I can't get past the fact
I can't get past the fact that he moved away from his kids. He could have worked on his mental health without moving away. I am all for people starting over (I wish I could move far away sometimes), but he had young children and he chose you over them. I can't imagine they will ever understand that. Having worked as counselor with many kids from broken homes, I can tell you, the ones whose parents moved away like your DH did-they are very very hurt children. There is really nothing you can say to make them feel better. It would be one thing if he was in the military, or if he had a job that required him to be far from home for a certain time period. Those kinds of situations CAN be explained.
I understand that the BM may have a lot of resentment towards you, but I feel for her, too. She is the one who has to explain why daddy just suddenly left.
My best advice: move back to where his kids are, so he can attempt to rebuild his relationship with them. They are still young, he may have a chance.

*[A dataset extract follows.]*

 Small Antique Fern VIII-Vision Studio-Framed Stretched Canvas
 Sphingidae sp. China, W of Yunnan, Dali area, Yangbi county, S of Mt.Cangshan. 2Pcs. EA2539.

I agree that it may not have
I agree that it may not have been the best decision for him to move away, but had he not things would have been much worse and they would have been thrown in the face of the kids. With him in another state all the confrontations take place in email. The kids aren't subjected to all of the confrontations. Granted, she has had to pick up the pieces and explain to them why daddy is not there. They will probably grow up resenting me because I took daddy away. The whole situation sucks. In a perfect world he would be in a close proximity to his kids, be able to see them on a regular basis, support them financially as well as emotionally.
The old addage of you can
The old addage of you can lead a horse to water but you can't make them drink comes to mind. I have offered several times for us to move back to utah to be closer to the kids. It has been his decision to not go back in to the "lions den." Things would certainly be much much worse if he lived there. When he lived there she made an attempt to break in to his house several times when he had the kids. He had to call the cops on her... Can you imagine if the kids had woken up and seen their mom in handcuffs? She kept the kids from him even when he did live there. She would say he could come over and pick them up for his visitation days. She would conviently not be there.
If the BM is vindictive and
If the BM is vindictive and harasses the DH, his family, friends and even employers to the point where he can't work where he is and therefore feels he has to leave the area to make a living, that would be difficult for her to explain to children, because it is her own self who did that to the children.
I am just illustrating an
I am just illustrating an ignored but common divorce occurance IMO
Visitation and child support
Visitation and child support should not be tied together and I am not sure in any state that they are.
If you are back to paying cs and he is also working on paying the arrears-then I would go to court and have them draw up a new court order for visitation. It sounds like alot has changed since the original decree. If mom is mad that he didnt pay cs then that is fine-she has every right to be and I could see where she would be resentful, unfortunately keeping her children away from their father also emotionally damages them.
I do think she has a reason to be mad. Not necessarily about the move-people have a right to start a new life and a long distance visitation plan could have been worked out where he could have the kids summers, holidays, etc and he still could have maintained a healthy relationship with them. But about the not paying cs. He stopped supporting his kids, but yet you guys were still sending gifts. To me, when those gifts arrived I'd be extra pissy that you had the cash to send gifts, but not cs. Or that you had cash to travel back to their state, but not pay cs. Or that your dh could choose to go back to school and not work. Heck he could have worked at McDonalds while going back to school-and at least paid something, right? I know that fast food always seems to be hiring.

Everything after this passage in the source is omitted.